● Record extracts:
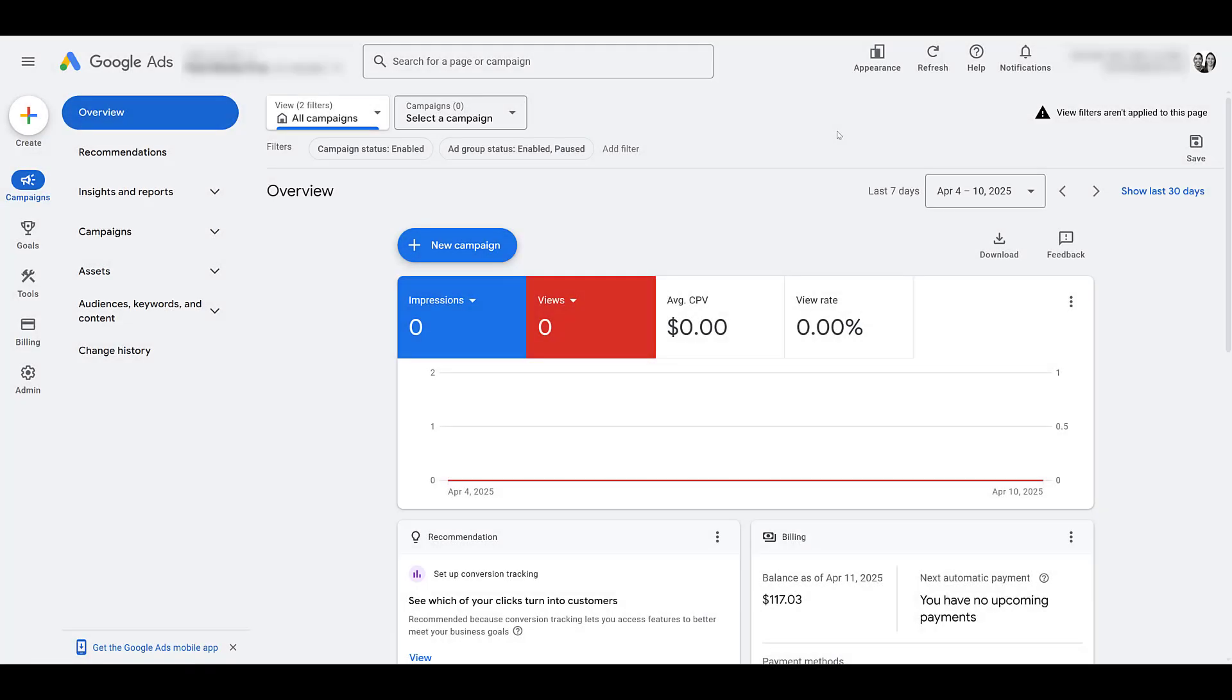Now, one would assume when I'm starting this video we would just go ahead and create a new demand gen campaign, but that's not the case. In order to track YouTube subscriptions as a goal, you need to make sure that you have a YouTube channel integrated or synced with your Google Ads account. And I'm going to show you how to do it just in case you're new to this process.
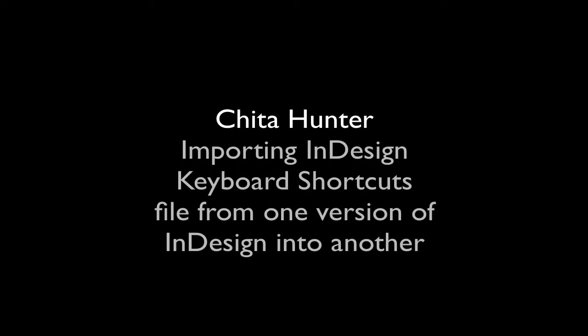Hi, this is Sheeta Hunter. In this video, I'm going to show you how you can quickly import your keyboard shortcuts from one version of InDesign into another.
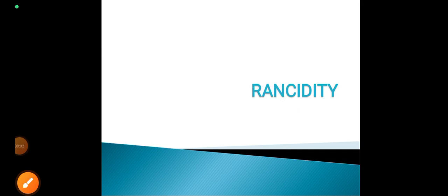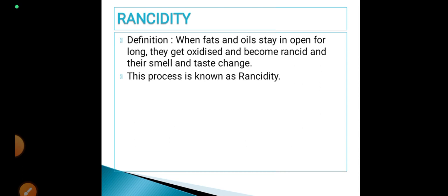Hi students, today let us learn about rancidity. When fats and oils are kept open for long, they get oxidized and become rancid, and their smell and taste change. This is usually a problem faced during summer, especially when fats and oils are exposed to the atmosphere. Because of high temperature and because fats and oils primarily contain unsaturated carbon atoms with double or triple bonds, they can easily undergo oxidation. This chemical process is what we call rancidity.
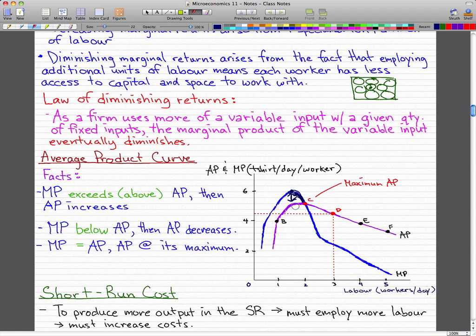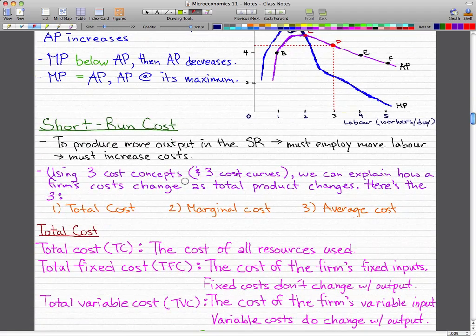When marginal product intersects with average product, you know that is the maximum average product the firm will ever reach. When marginal product falls below average product, average product starts decreasing. That's all for today — in the next video we'll talk about short run costs. Please rate, comment, and subscribe.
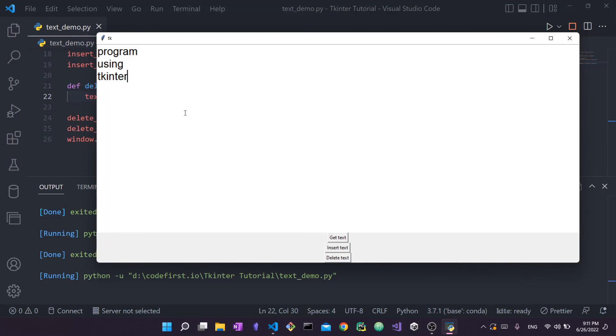That's how you perform these basic functions using the Text widget in tkinter. The Text widget can be much more complex — you can add images and do many other things — and hopefully we'll cover that in coming tutorials. Please leave a like and a comment if you enjoyed, and I'll see you in the next video.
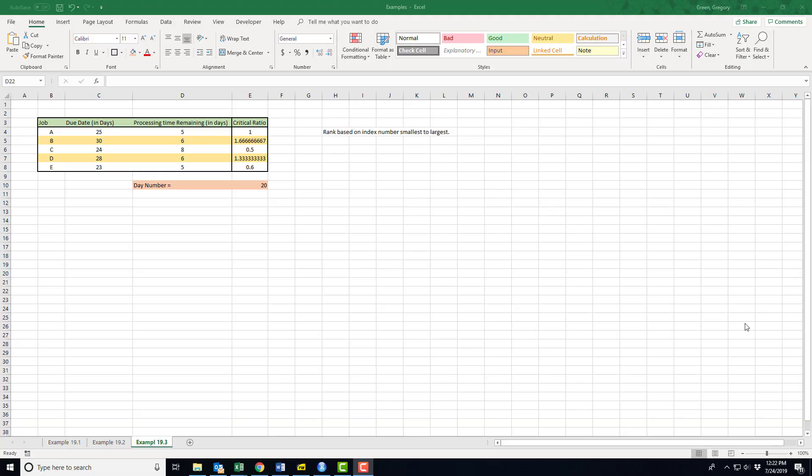One last example of job sequencing. By the way, this job sequencing is kind of interesting in that we're really looking at simple jobs right now. We're looking at jobs that go and are processed through one single process. We haven't even addressed any issues with multiple steps or multiple processes for our item to get through.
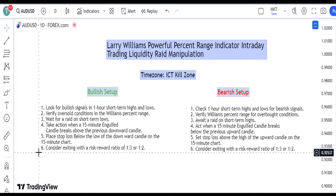Exercise patience and wait for a raid on short-term lows. This confirms a potential reversal and entry point for long positions. Shift your focus to the 15-minute chart and watch for an engulfed candle breaking above the previous down candle.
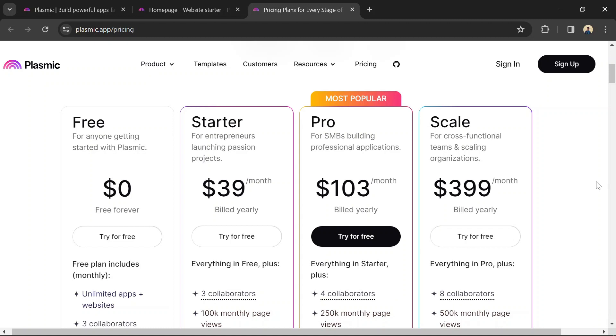Pro plan at $103 per month if billed yearly, geared towards SMBs building professional applications. Scale plan at $399 per month if billed yearly, designed for cross-functional teams and scaling organizations.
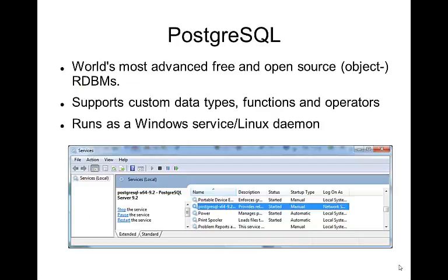Postgres is advertised as the world's most advanced free and open source relational database system, sometimes called an object relational database system — though that depends on what you define objects as. It supports custom data types, functions, and operations, and runs either as a Windows service or a Linux daemon.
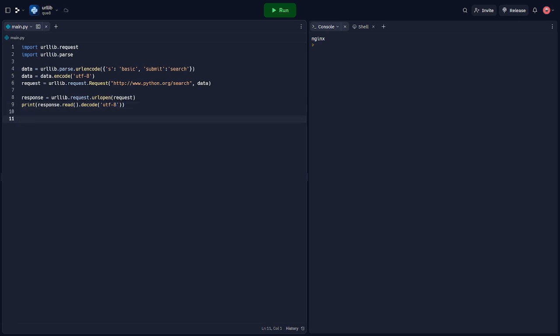If you need to send data along with your request, you can do so by creating a request object and passing it to urlopen. In this example, we're sending a search request to the python.org search page.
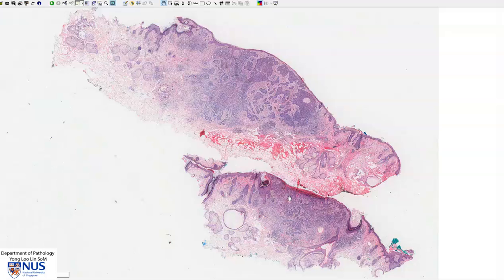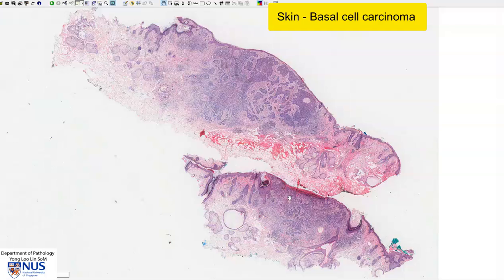Hello, this is a virtual microscopy slide from a case of basal cell carcinoma of the skin and we are seeing here two sections from the tumour.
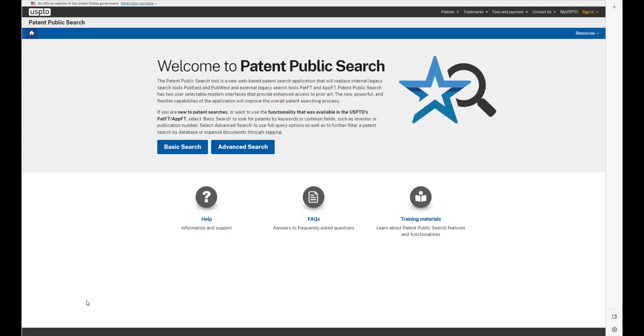Patent Public Search is a powerful way to find U.S. patent documents. Welcome to a series of tutorials where we walk you through the patent search process. In this video, we'll show you how to expand U.S. patent families in your search results. Let's get started.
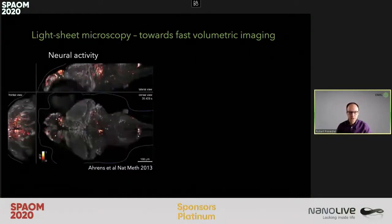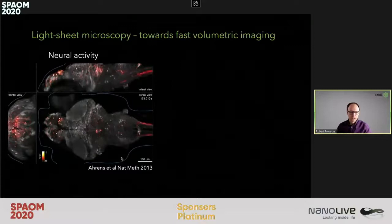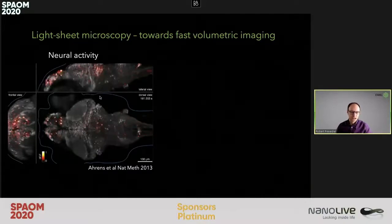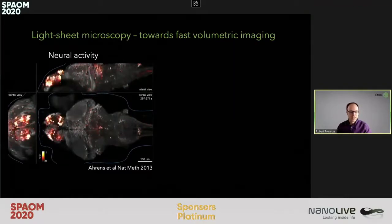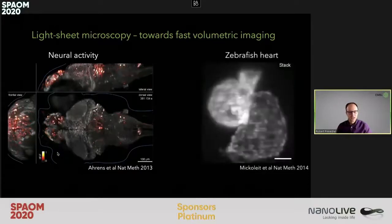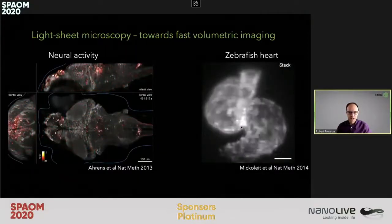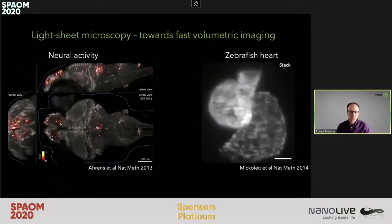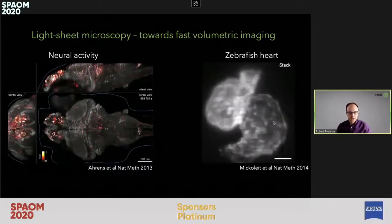This has enabled really beautiful experiments, such as the group of Misha Ahrens and Philip Keller showing for the first time that you can image the entire zebrafish larvae brain activity. And here on the right, beautiful experiments from the Huyskin Lab, where light sheet microscopy was used to image the beating heart of a zebrafish.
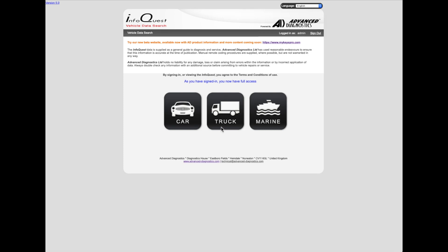Welcome to another video from Dr. Locke. We're going to be having a look at two resources online. This one is from Advanced Diagnostics. Most people with the Advanced Diagnostics program are probably somewhat familiar with this. Advanced Diagnostics do have a forum, but they also have InfoQuest for vehicle data search. And the reason we're talking about this now is because they've brought out an even better version, so I thought we'd go through and have a little look at it.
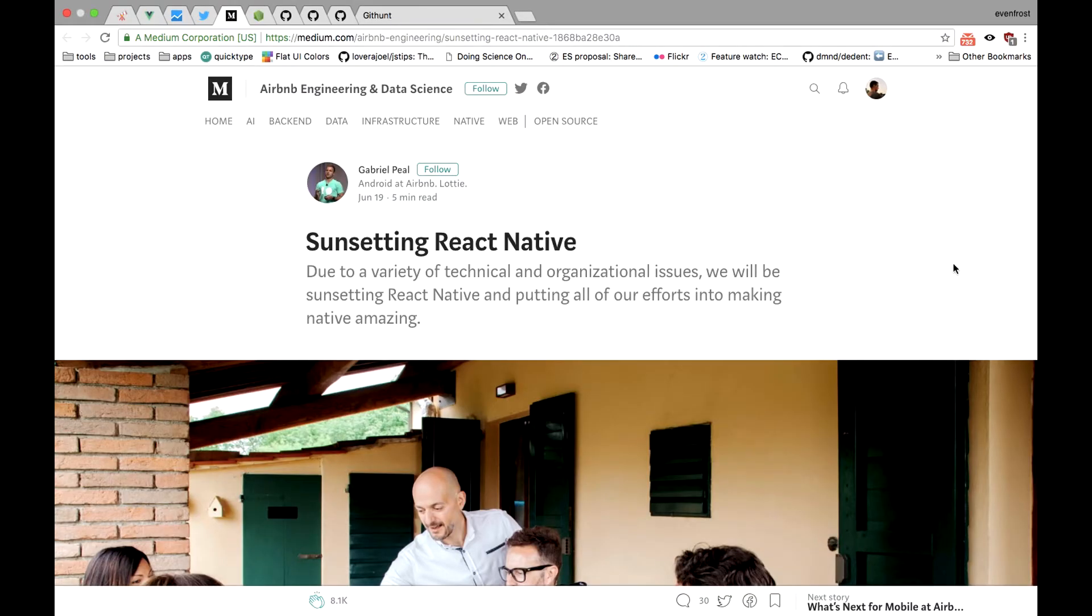Next news for today is about Airbnb and its experience with React Native. A set of articles has recently appeared on Medium that outlined Airbnb's usage of the popular application building platform. Airbnb first chose to use React Native back in 2016, but now it's saying goodbye to it. In its fourth article they explain how they came to such a decision.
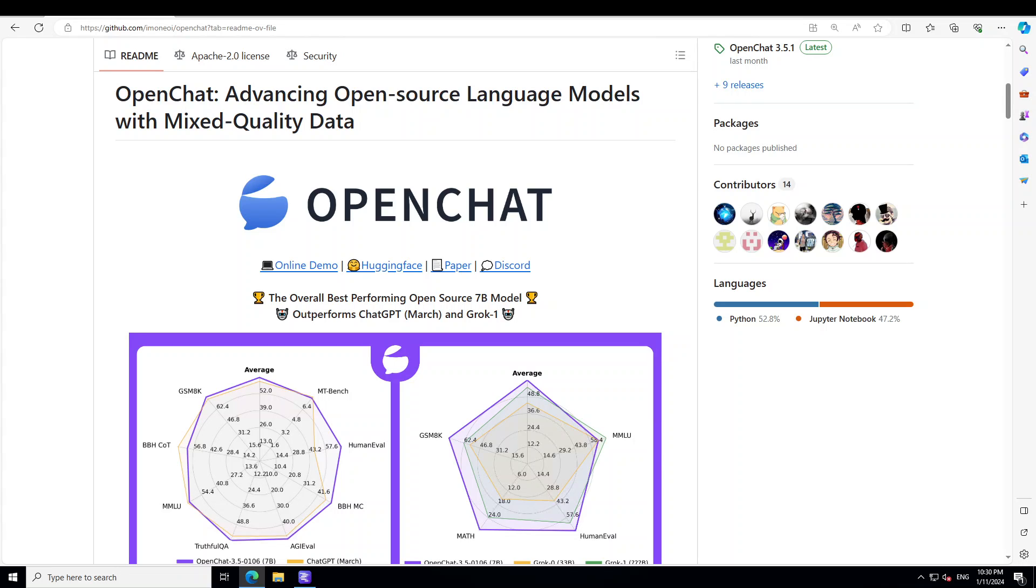Hello guys, in this video I am going to show you how you can locally install world's best open source 7 billion large language model.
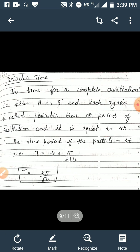Now what is periodic time? The time for a complete oscillation — that is from A to A' and back again — is called the periodic time or period of oscillation, and is equal to 4t. The periodic time is denoted by capital T, so T = 4t. The value of small t found earlier is π/(2√μ), so T = 4 × π/(2√μ) = 2π/√μ.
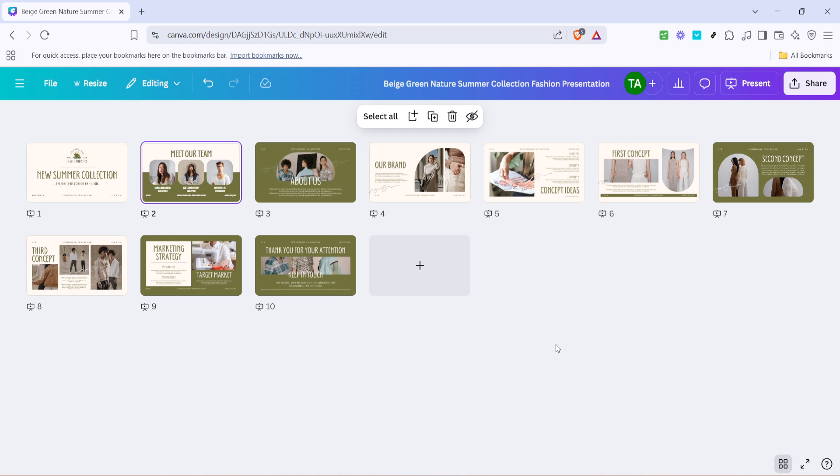So go ahead and give it a try, and feel free to explore all the creative possibilities once everything is unlocked. I'm confident you'll find it as simple as I've described. Thank you for watching, and I hope this tutorial has made your Canva experience more seamless and intuitive. Don't forget to check out our other videos for more design tips and tutorials. Until next time, happy designing!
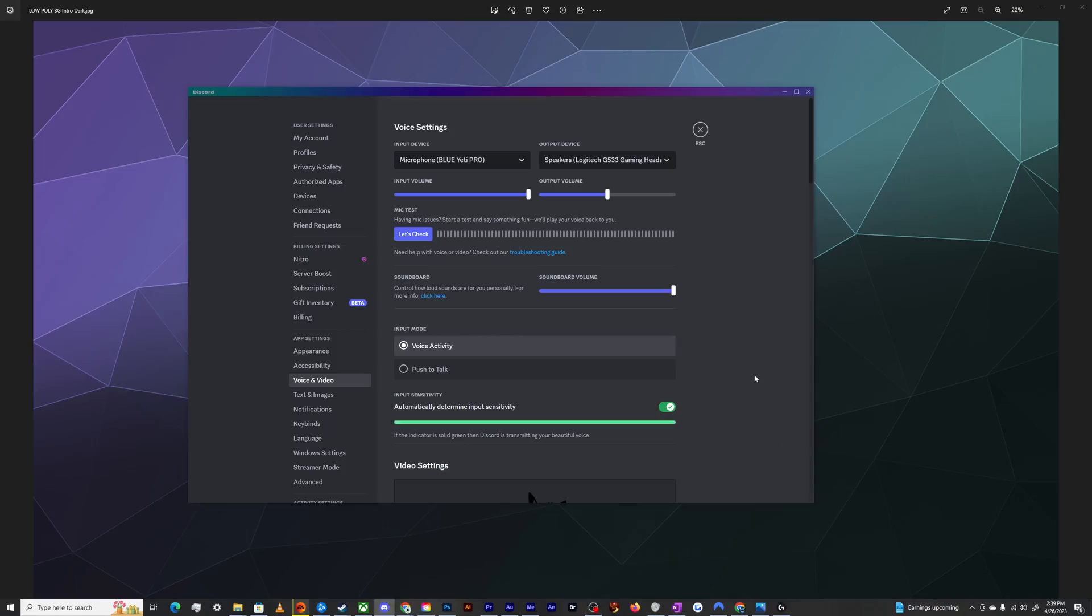All right, welcome back ladies and gentlemen to the Chupacabra Tutorials channel. I'm your host Larry, and today I'm back to talk about how to create a toggle mute button if you like to use the voice activity setting on Discord.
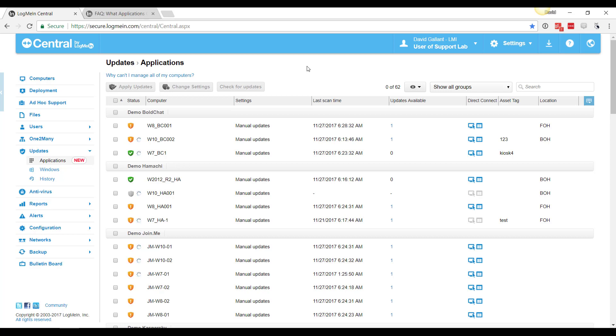Application Updater will update apps like Java and Flash, Adobe products and other free tools that are out there. And we can do this silently so the end users won't see any of the updates or the pop-up prompts that go along with those updates.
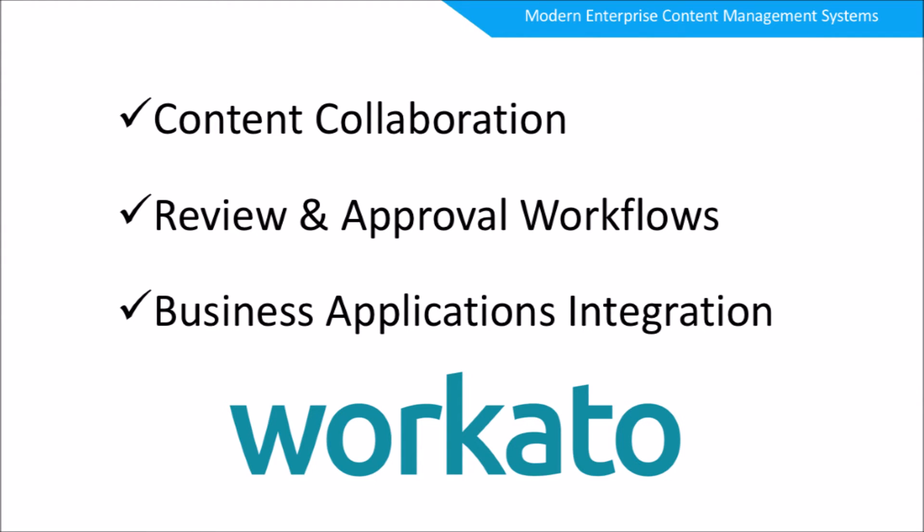Modern ECM is about being able to collaborate on documents with Box, implement review and approval workflows for that content in popular tools like Slack, and integrate these workflows with the company's business application, the system of record. In our case, that was Salesforce. And the glue that automates and integrates all of this is Workato.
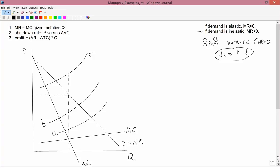We didn't have to worry about inelastic demand for competitive firms, because for competitive firms marginal revenue is equal to price, and also equal to average revenue. And price isn't zero, so certainly price is not negative. So in the competitive case, we never had to talk about negative marginal revenue. Here in the monopoly case, we can at least consider negative marginal revenue — that's what happens over in this diagram — but what we see is that the monopolist isn't going to be producing there.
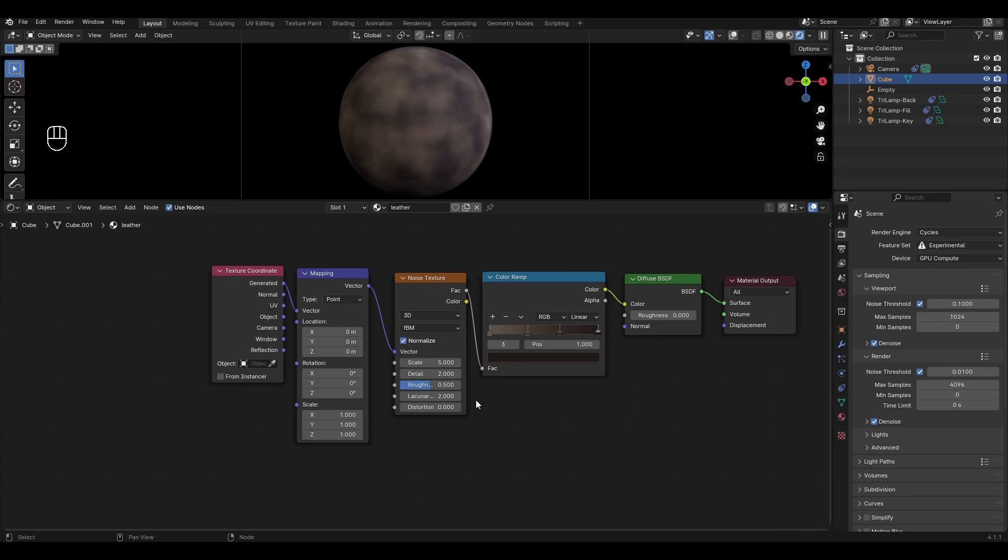Go to Noise Texture and change Scale to 9, Detail to 3, Roughness to 0.6 and change Distortion to 0.2.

● What is being asked: Out of the records above, set down only the lines from the one that contains "When marginal product intersects" through the one that contains "Pro plan at", unchanged and without the pictures.

● Result for this exercise:
When marginal product intersects with average product, you know that is the maximum average product the firm will ever reach. When marginal product falls below average product, average product starts decreasing. That's all for today — in the next video we'll talk about short run costs. Please rate, comment, and subscribe.
That's how you perform these basic functions using the Text widget in tkinter. The Text widget can be much more complex — you can add images and do many other things — and hopefully we'll cover that in coming tutorials. Please leave a like and a comment if you enjoyed, and I'll see you in the next video.
One last example of job sequencing. By the way, this job sequencing is kind of interesting in that we're really looking at simple jobs right now. We're looking at jobs that go and are processed through one single process. We haven't even addressed any issues with multiple steps or multiple processes for our item to get through.
Exercise patience and wait for a raid on short-term lows. This confirms a potential reversal and entry point for long positions. Shift your focus to the 15-minute chart and watch for an engulfed candle breaking above the previous down candle.
Pro plan at $103 per month if billed yearly, geared towards SMBs building professional applications. Scale plan at $399 per month if billed yearly, designed for cross-functional teams and scaling organizations.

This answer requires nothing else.